The makers of Aligarh talk about creating films with a conscience
Filmmakers and fast friends, Hansal Mehta and Apurva Asrani, talk about their new movie Aligarh and the absurdity of labelling gay love as unnatural
We meet director/filmmaker Hansal Mehta inside the well-lit office of Karma Pictures at Andheri. There is a storyboard of what we assume to be an upcoming movie, books by authors like Amitav Ghosh and Rajmohan Gandhi, and a lilting melody playing in the background. Moments later, there is a hustle outside and writer/editor Apurva Asrani marches into the room. A quick embrace between Mehta and Asrani is followed by some fun banter.
The camaraderie between Mehta and Asrani (both National Award winners for direction and editing respectively), is evident as they chat about their latest movie Aligarh. Set in Aligarh Muslim University (AMU), the film is based on true events that led to the demise of Maharashtra Sahitya Parishad awardee Prof Ramchandra Siras, in 2010.
Prof Siras was suspended by AMU for misconduct, after having been ambushed by a TV channel’s camera crew, having sex with a rickshaw-puller. Prof Siras took the suspension to court and was reinstated since the Delhi High Court had, in 2009, decriminalised consensual gay sex.
Shortly after resuming work, Prof Siras passed away. Aligarh is the movie made on the incident which delves on the conversations between Prof Siras (played by Manoj Bajpai) and journalist Deepu Sebastian (Rajkummar Rao). Aligarh’s dialogues, written by Asrani, contain prose and poetry which are inspired by Siras’s award-winning book of Marathi poems - Paya Khalchi Hirawal.
Mehta and Asrani previously worked on two feature films together - Shahid and City Lights. Both were based on true events and highlighted social inequalities. Aligarh is their third project together.
Recounting how Aligarh happened, Asrani says, “In May 2014, Hansal woke me up one morning and said he got an email from a girl called Ishani Banerjee in Delhi. She had seen Shahid and felt that Hansal should tell Prof Siras’s story. I told Hansal I want to write it.”
“These stories sometimes find their way into my consciousness. It found me,” says Mehta, adding, “We had the first conversation in May 2014 and by January 2015, we were shooting. Whoever wants to employ Apu as a writer, I can tell you that he is very fast.”
Mental block
The real issue they faced while making the movie was in terms of the research. “There were some authorities from the university who were kind enough to talk to us. But I don’t think they believed that he was innocent or his story should be glorified. They said we were associating something like homosexuality to the city of Aligarh and that is an insult to them and the city,” says Asrani.
Mehta adds, “Even now, those same elements have raised their heads. They are planning protests in the university. They are threatening to disrupt screenings and release of the film.”
For the promotions of Aligarh, the cast and crew created a campaign called ‘Come Out’ urging communities in India to alter their negative perspectives towards homosexuality and queer identity.
“Being homosexual is a lifestyle for many like myself; it is who we are,” says Asrani, adding, “I find it difficult when people put us in a slot. People look at us with sympathy. I think it needs to go beyond that.
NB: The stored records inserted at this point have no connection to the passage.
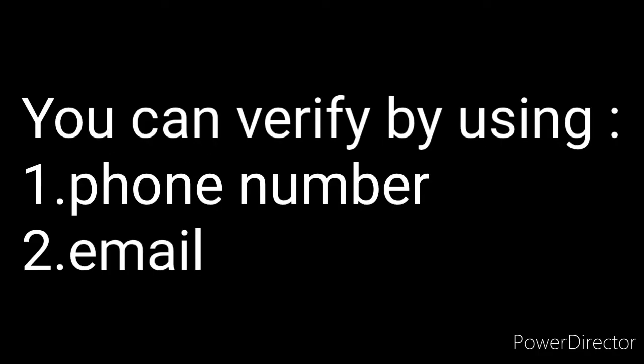I do have to point this out. In order to add a thumbnail, you have to verify your channel through a computer, PC or just your laptop, using either your phone number or email password.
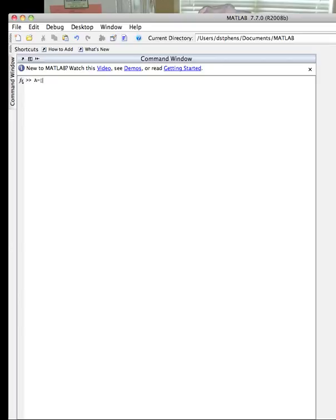Then I'm going to have an open bracket, square bracket. I'm going to put in the first row, which is 4, minus 1, 0, minus 1. And then I'm going to put in the right-hand side. Actually, I won't put in the right-hand side here. I'm going to put a semicolon just to let MATLAB know I want a new row.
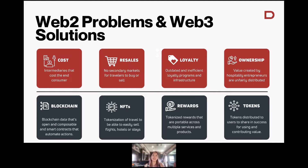If you and I as consumers can't travel for whatever reason, there's no way for us to actually resell a flight or a hotel room. We either have to get a cancellation or forfeit it.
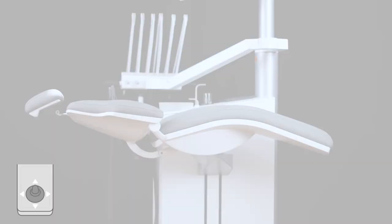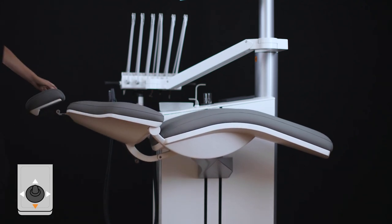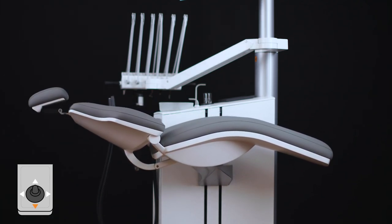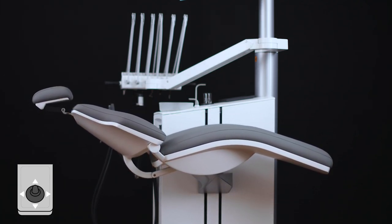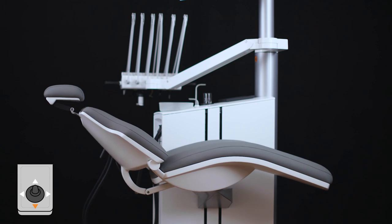When you move the joystick south, the chair moves to the entry position, the position used to enter the chair and for rinsing.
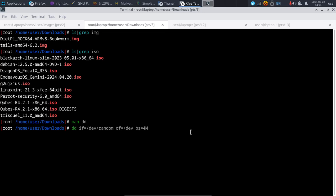I don't recommend doing this unless you know exactly what you're doing, so be very cautious. The most important part — really the only thing you have to watch out for — is where are you sending this data. Are you sending it to the disk you intend, or are you typing the wrong name? That's where people get into trouble.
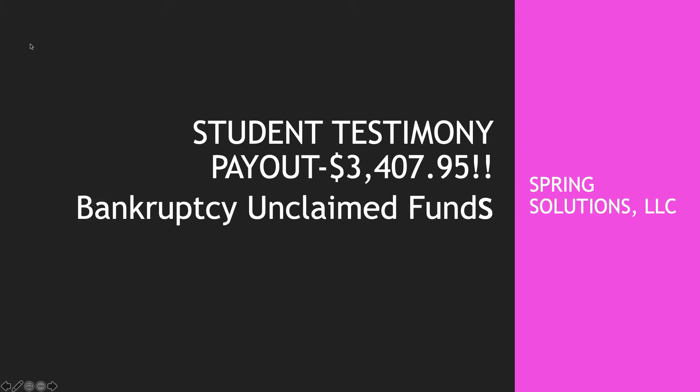Welcome back to my channel. This is Spring Porter with Spring Solutions LLC. In this video I'm going to be going over another student testimony. This payout was $3,407.95 and these are two claims that total this amount. If you're interested, please stay tuned.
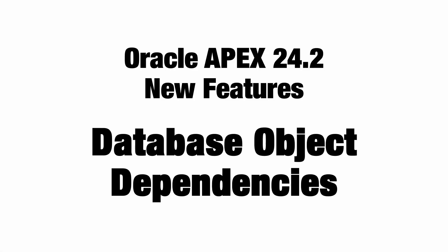Bismillahirrahmanirrahim, assalamu alaikum. Welcome to another video on Oracle APEX. Today we are going to cover Oracle APEX 24.2 new features, and our first topic is database object dependencies.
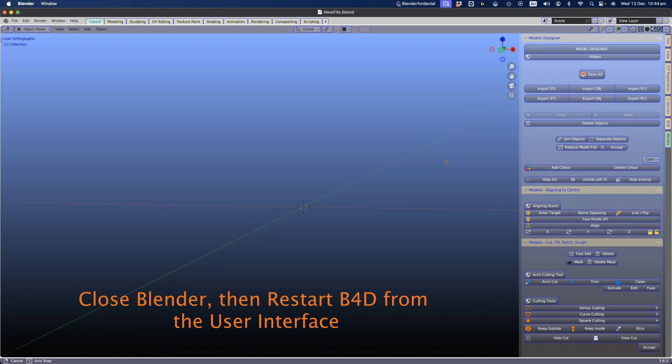We recommend starting your journey by watching the basics 1, 2, and 3 videos included in the Model Designer for a basic introduction to Blender.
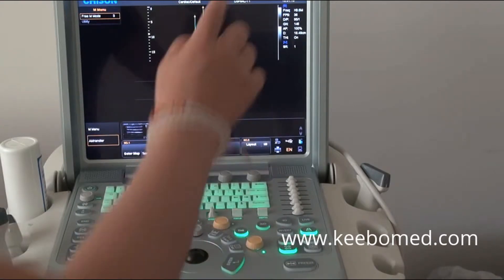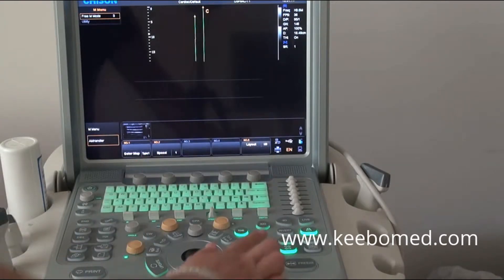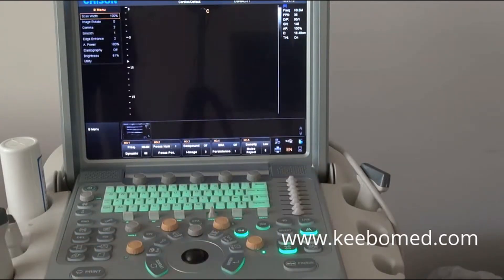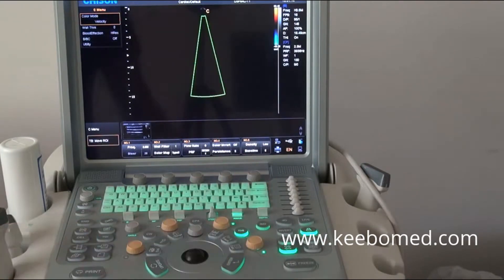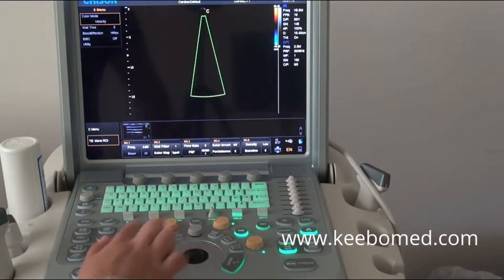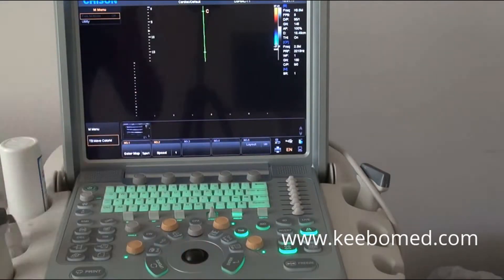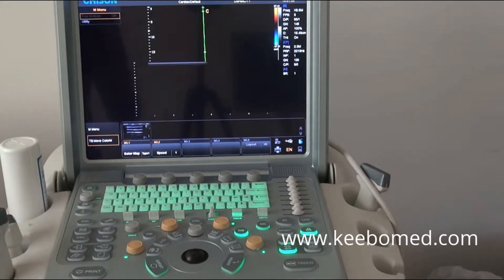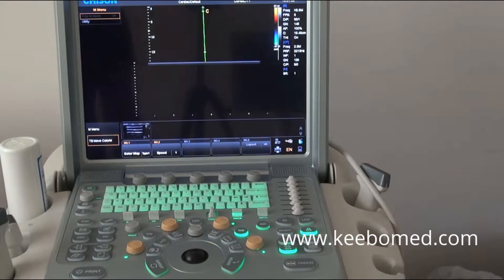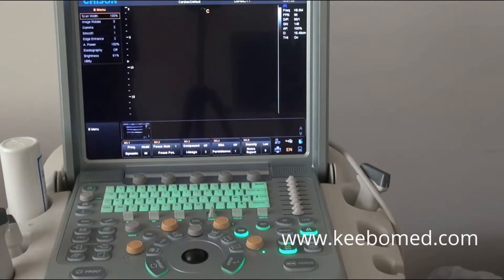Press the enter key to fix it. After that, go back to B mode. Press the C key to go into C mode, and press the M key to go into the color M mode. You will find the color and the M wave can be displayed on the screen at the same time.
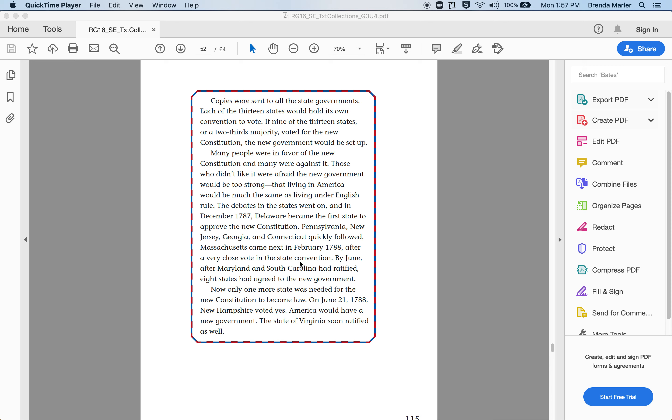Copies were sent to all the state governments. Each of the 13 states would hold its own convention to vote. If nine of the 13 states, or a two-thirds majority, voted for the new Constitution, the new government would be set up.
We should be able to accept people’s choice of sexuality as a society.”
Mehta doesn’t agree with the law stating homosexuality should be labelled “unnatural.” “Two human beings being in love with each other, how can that be unnatural? Aligarh is a metaphor for the world that we have become. We are conditioned to be homophobic, to perceive things that are documented in mythology and scriptures as unnatural. Certain ideological stances survive on creating restrictions, creating dogma around things,” says Mehta.
A cut above the rest
According to Asrani, though, Prof Siras was subjected to discrimination because he was considered ‘different’: “When someone does not conform to the idea of the family man, of the husband with a wife and children - you are already seen as an outsider. And we, as a society, like to bully the marginalised.”
Asrani and Mehta met when Mehta was searching for an editor to cut promos for his movie Dil Pe Mat Le Yaar, starring Bajpai. “Manoj introduced us. I was looking for an editor and I have tried and failed to be an editor. I had seen Apu’s work in Satya and I was struck by how somebody actually shaped the film on the editing table,” recalls Mehta.
For Bajpai to be essaying a lead role in Aligarh is only poetic justice; but he was not the first choice for the role. “We were thinking of working with a Marathi actor for Prof Siras’s role. But my casting director, Mukesh Chhabra recommended Manoj and I couldn’t have agreed more. Nobody else could have played Siras, now that we look back,” says Mehta. Asrani agrees, “For him to lend his face, credibility and body of work to a character that is homosexual, that is a brave thing to do in mainstream cinema.”
Don’t miss
Aligarh releases in theatres this Friday.